Vereinbarkeit

Angehörigenpflege

In der Schweiz wird ein grosser Teil der pflegebedürftigen Menschen von Familienmitgliedern betreut. Diese Aufgabe neben der Erwerbsarbeit zu gewährleisten, kann zu hohen Belastungen führen. Auch tritt die Pflegebedürftigkeit oft unerwartet ein und ist kaum planbar in ihrem Verlauf.

Corona: Informationen für Mitarbeitende 

Vom 8. Juni bis 31. Juli 2020 (evtl. länger) gelten folgende Regelungen:

  • Grundsätzlich Weiterführung Homeoffice wo möglich und sinnvoll.
  • Regelmässige Präsenz im Büro mit Bewilligung der Vorgesetzten unter Einhaltung der Distanz und Hygienevorschriften gemäss Schutzkonzept.
  • Unter Beachtung der Auflagen des Schutzkonzeptes können auch wieder Besprechungen mit Präsenz durchgeführt werden.

Der Regierungsrat des Kantons Bern hat am 3. Juni entschieden, dass der ausserordentliche bezahlte Kurzurlaub nur noch für besonders gefährdete Mitarbeiterinnen und Mitarbeiter gewährt wird.
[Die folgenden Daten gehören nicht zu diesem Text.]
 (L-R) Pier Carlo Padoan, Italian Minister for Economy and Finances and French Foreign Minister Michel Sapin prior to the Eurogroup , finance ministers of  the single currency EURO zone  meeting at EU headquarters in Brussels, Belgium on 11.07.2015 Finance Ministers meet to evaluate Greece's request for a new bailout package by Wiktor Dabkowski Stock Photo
Für alle anderen endete diese Möglichkeit am 8. Juni 2020. Die Regelungen gelten, sofern sich die Situation nicht grundsätzlich ändert, bis Ende Juli 2020.
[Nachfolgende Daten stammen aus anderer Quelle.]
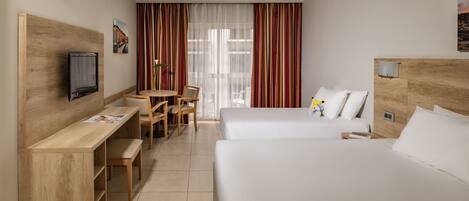 Habitación de hotel con dos camas, un escritorio con silla, televisor y ventana con cortinas.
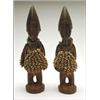 Image 1 : Pair of Yoruba Ibeji Figures, of males, each wearing a cowrie cape and a bead belt, the shoulde...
Weiterhin gefordert: Flexibilität bei Vorgesetzten und Mitarbeitenden mit und ohne Kinder

Die Vorgesetzten werden von der Unileitung gebeten, flexibel mit den Mitarbeitenden nach Lösungen zu suchen und mit ihren Teams einerseits die betrieblichen Bedürfnisse sicherzustellen und andererseits auf die individuellen Bedürfnisse von Eltern und ihren Kindern bzw. ihren Angehörigen einzugehen.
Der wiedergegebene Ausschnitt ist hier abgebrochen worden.